-- GIVEN DATA --
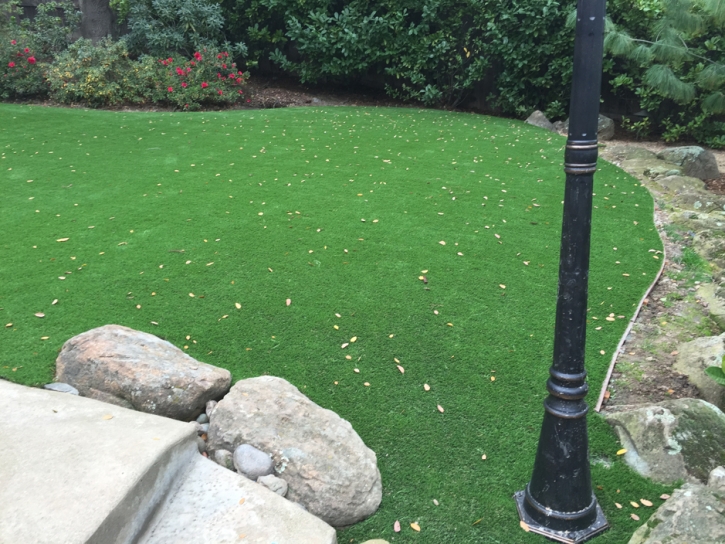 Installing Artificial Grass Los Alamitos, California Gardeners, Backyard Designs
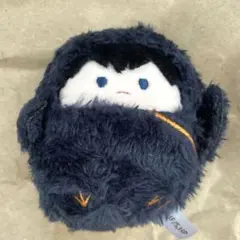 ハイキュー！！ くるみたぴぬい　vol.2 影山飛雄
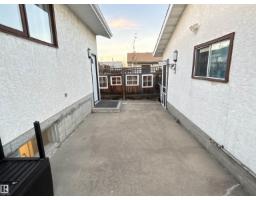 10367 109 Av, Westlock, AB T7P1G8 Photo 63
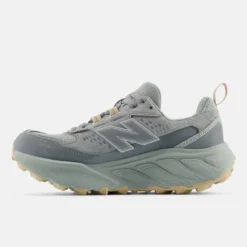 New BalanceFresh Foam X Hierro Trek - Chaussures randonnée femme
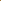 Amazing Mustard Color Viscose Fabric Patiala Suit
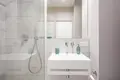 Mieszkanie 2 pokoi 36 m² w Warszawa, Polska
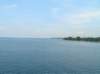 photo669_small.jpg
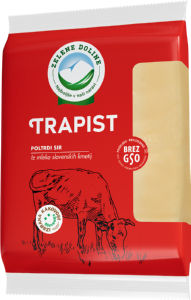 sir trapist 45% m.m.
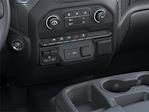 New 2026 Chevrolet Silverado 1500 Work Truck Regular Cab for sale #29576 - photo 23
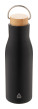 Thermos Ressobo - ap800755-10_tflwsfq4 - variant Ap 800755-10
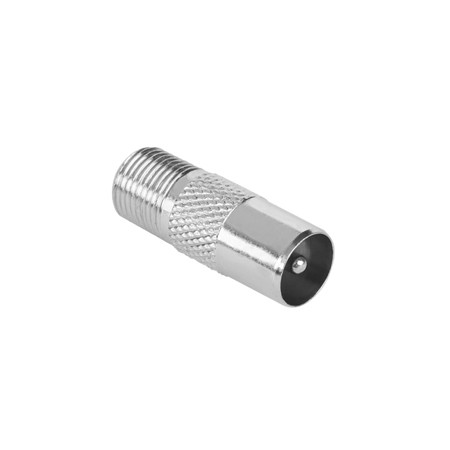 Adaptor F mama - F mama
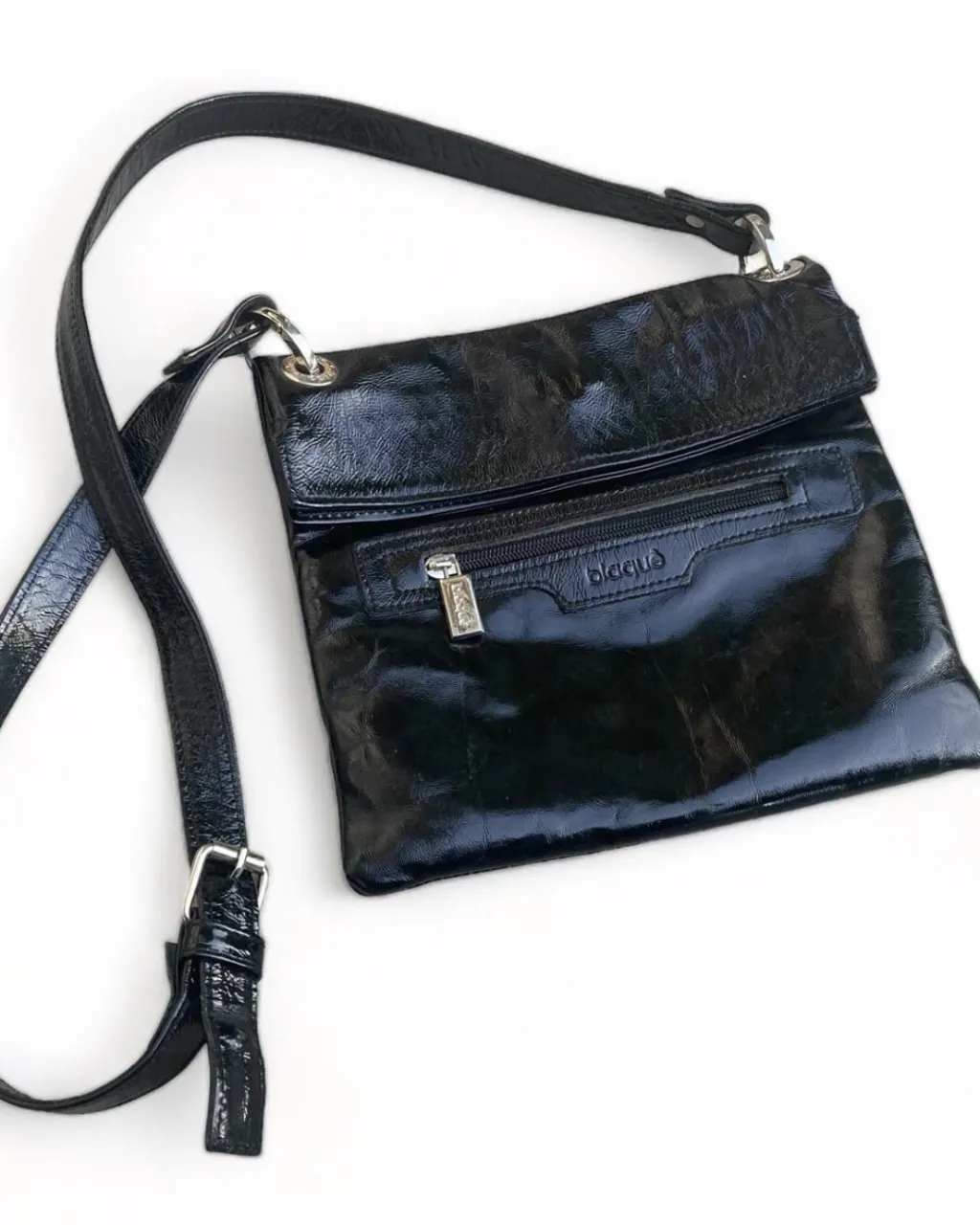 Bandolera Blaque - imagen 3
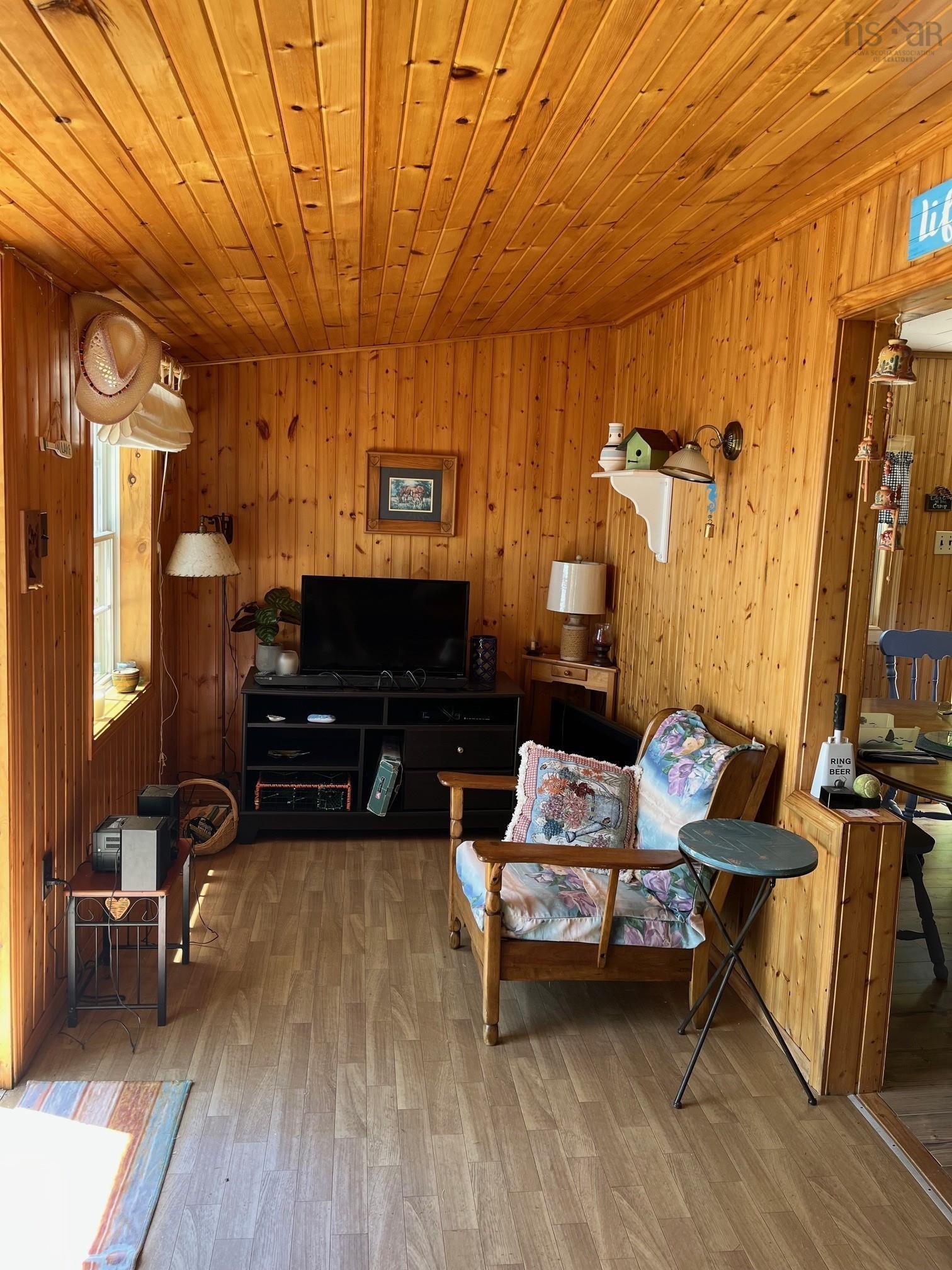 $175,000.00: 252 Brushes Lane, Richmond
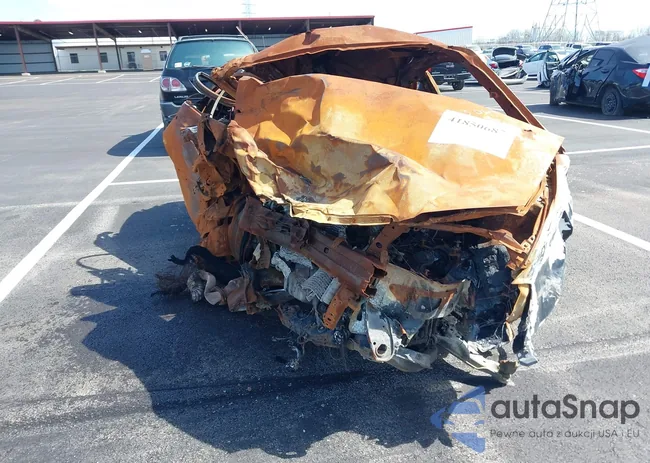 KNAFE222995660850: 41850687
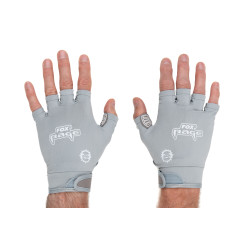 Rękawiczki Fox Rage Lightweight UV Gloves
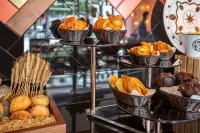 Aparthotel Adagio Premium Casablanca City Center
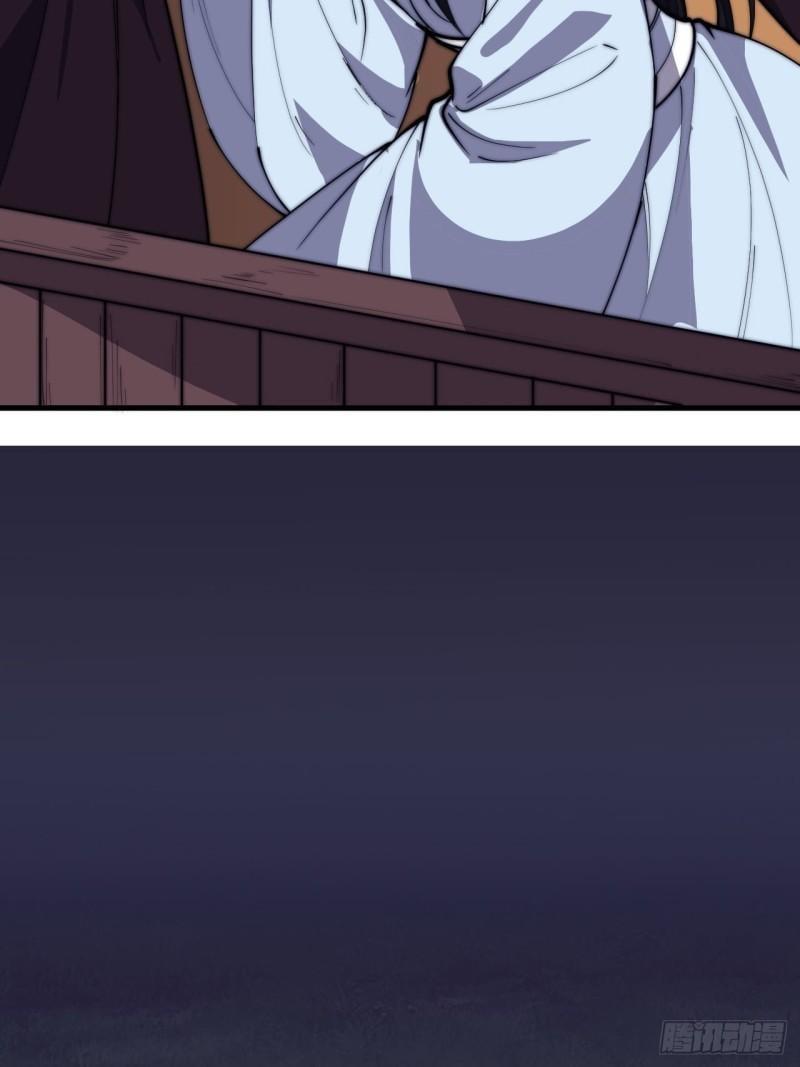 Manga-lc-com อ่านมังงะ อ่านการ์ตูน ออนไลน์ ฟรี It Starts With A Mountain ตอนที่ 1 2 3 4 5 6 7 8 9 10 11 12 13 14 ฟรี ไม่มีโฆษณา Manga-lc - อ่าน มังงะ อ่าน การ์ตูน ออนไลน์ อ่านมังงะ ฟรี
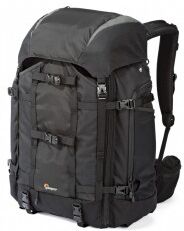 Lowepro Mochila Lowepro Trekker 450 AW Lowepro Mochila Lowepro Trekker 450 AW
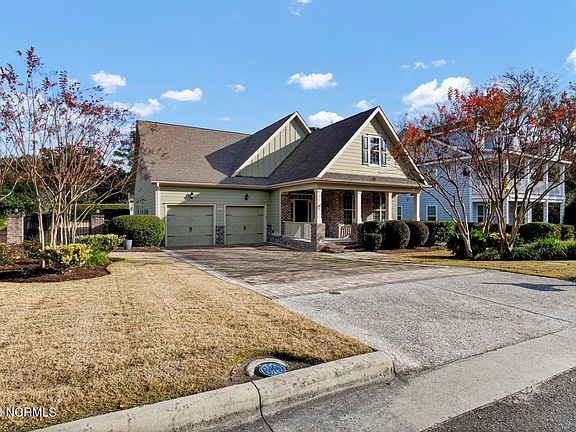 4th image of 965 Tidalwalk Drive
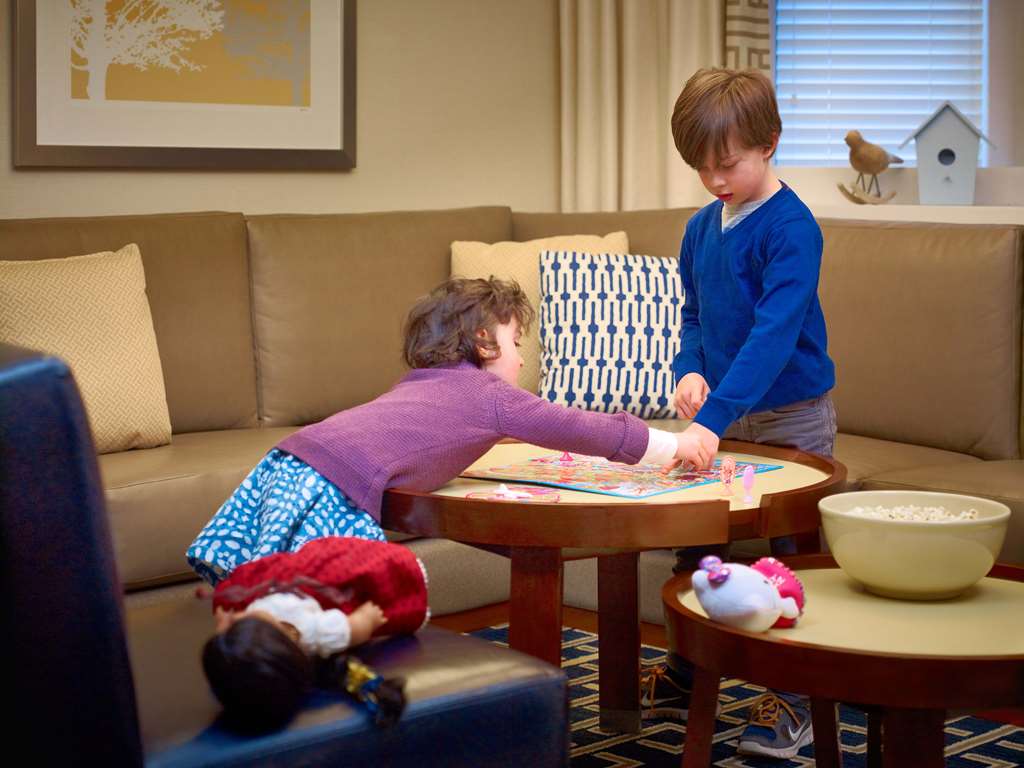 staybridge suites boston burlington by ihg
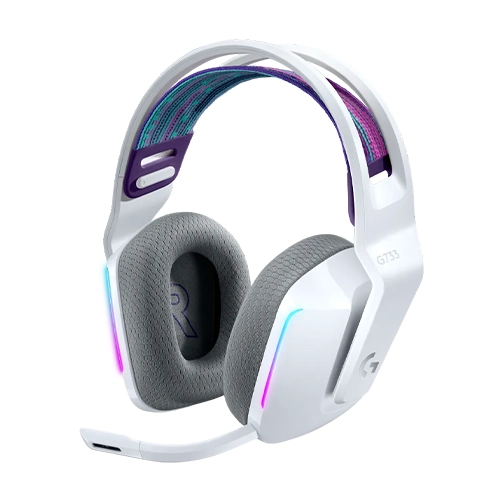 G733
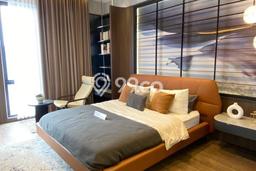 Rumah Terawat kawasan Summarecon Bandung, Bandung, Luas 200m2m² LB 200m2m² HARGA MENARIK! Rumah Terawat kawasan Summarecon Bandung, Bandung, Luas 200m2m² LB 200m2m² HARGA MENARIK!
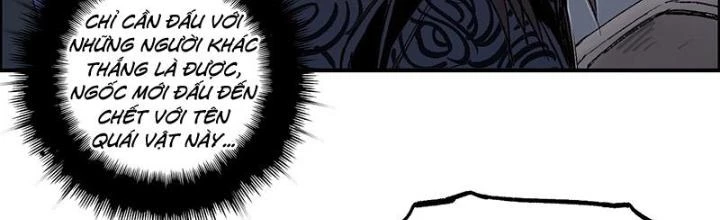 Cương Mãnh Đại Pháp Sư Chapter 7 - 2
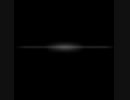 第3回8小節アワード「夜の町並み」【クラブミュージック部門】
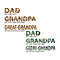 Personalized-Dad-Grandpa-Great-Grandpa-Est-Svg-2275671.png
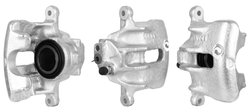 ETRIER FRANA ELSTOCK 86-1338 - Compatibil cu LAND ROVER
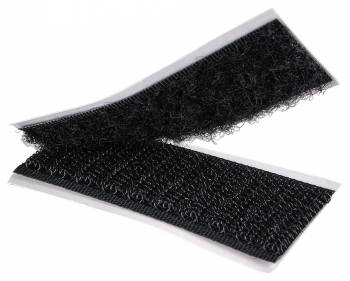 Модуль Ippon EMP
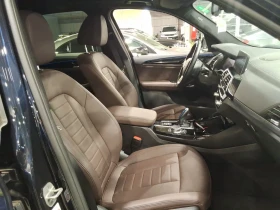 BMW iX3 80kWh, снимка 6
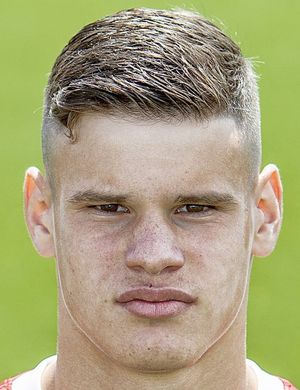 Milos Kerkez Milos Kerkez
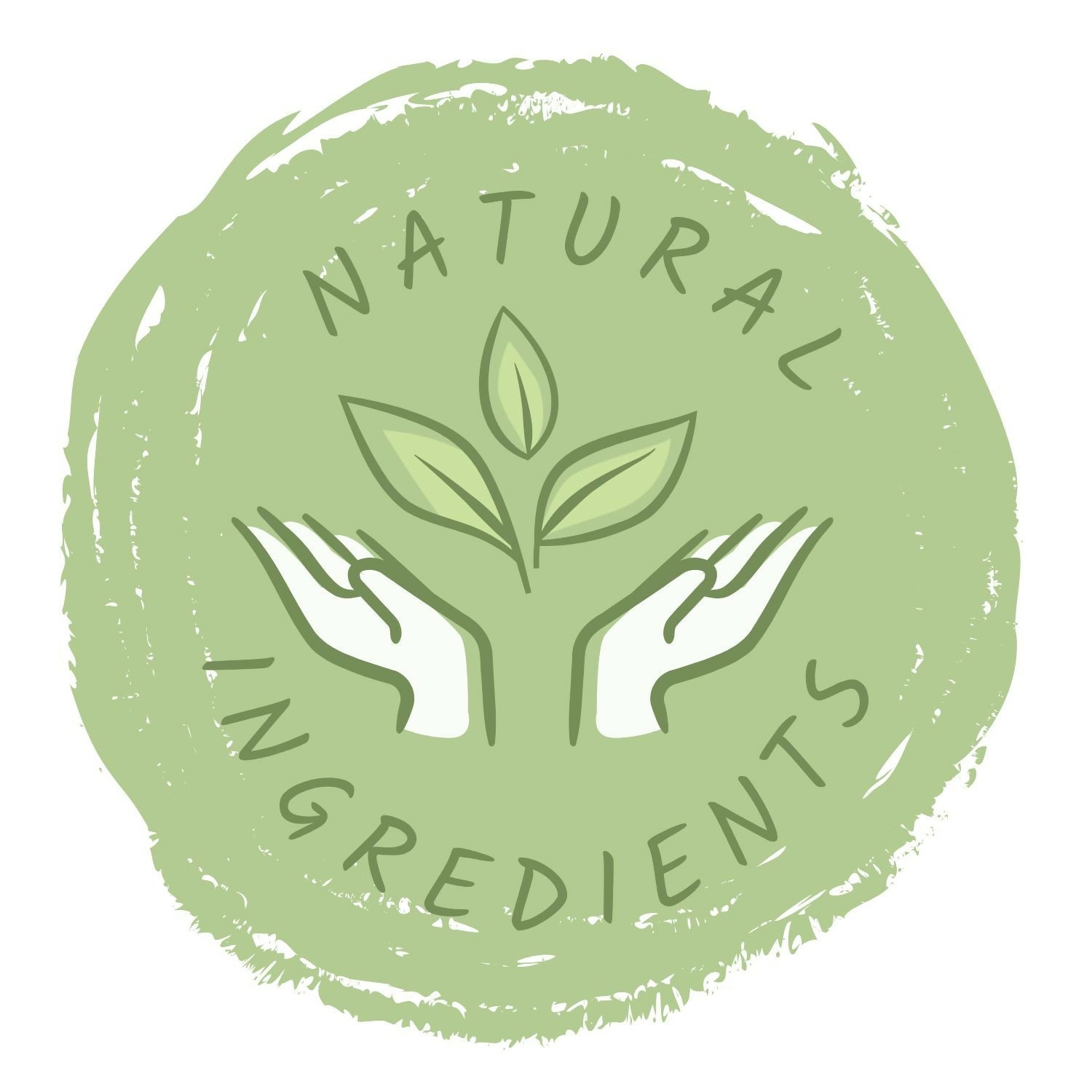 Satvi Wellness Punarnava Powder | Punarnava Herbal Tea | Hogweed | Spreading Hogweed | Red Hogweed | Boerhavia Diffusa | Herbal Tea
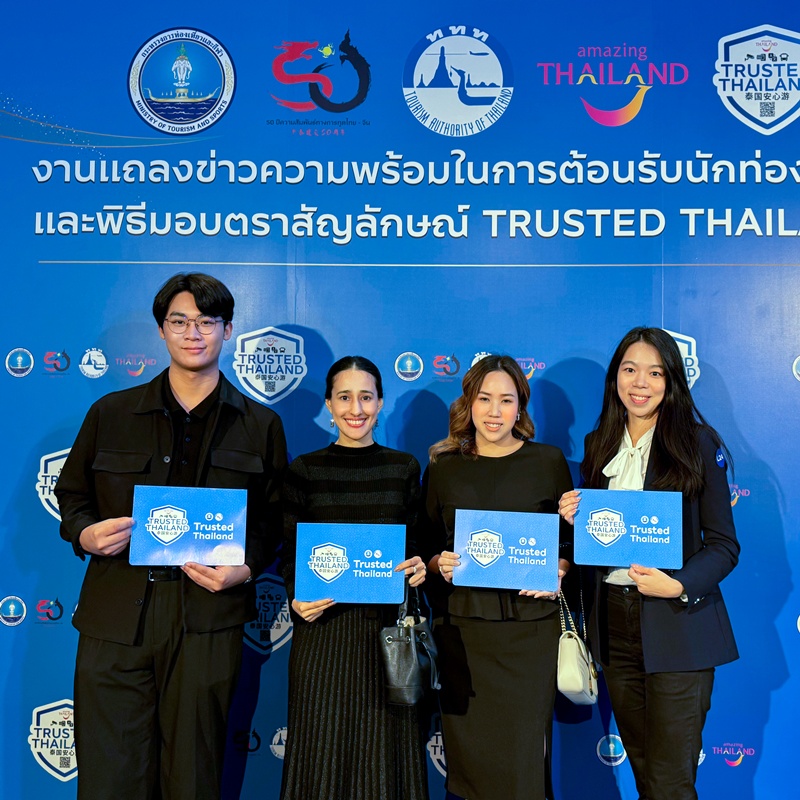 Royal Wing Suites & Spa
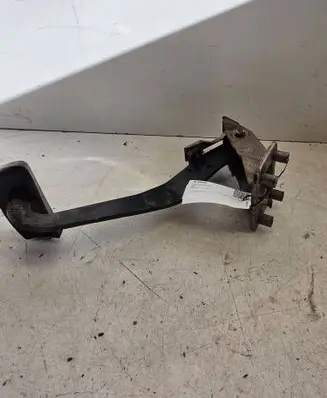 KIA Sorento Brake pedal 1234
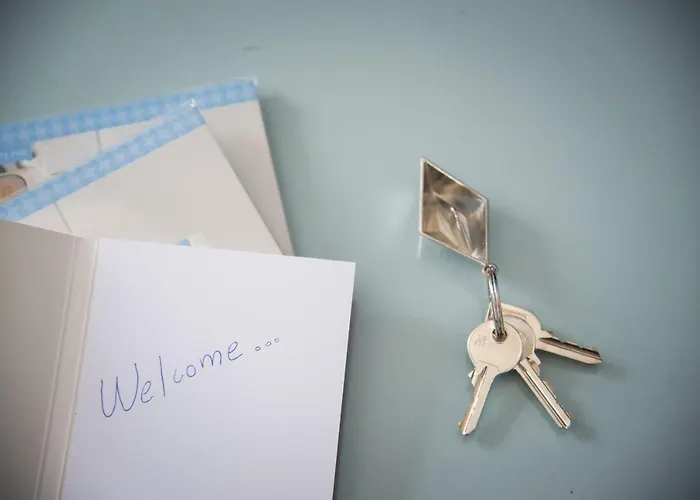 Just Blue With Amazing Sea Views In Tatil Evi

-- BRIEF --
When you reach the line that has "Amazing Mustard Color" in the data above, start repeating lines exactly, and stop after the line that has "Thermos Ressobo - ap800755-10_tflwsfq4"; pictures stay out.

-- RESPONSE AREA --
 Amazing Mustard Color Viscose Fabric Patiala Suit
 Mieszkanie 2 pokoi 36 m² w Warszawa, Polska
 photo669_small.jpg
 sir trapist 45% m.m.
 New 2026 Chevrolet Silverado 1500 Work Truck Regular Cab for sale #29576 - photo 23
 Thermos Ressobo - ap800755-10_tflwsfq4 - variant Ap 800755-10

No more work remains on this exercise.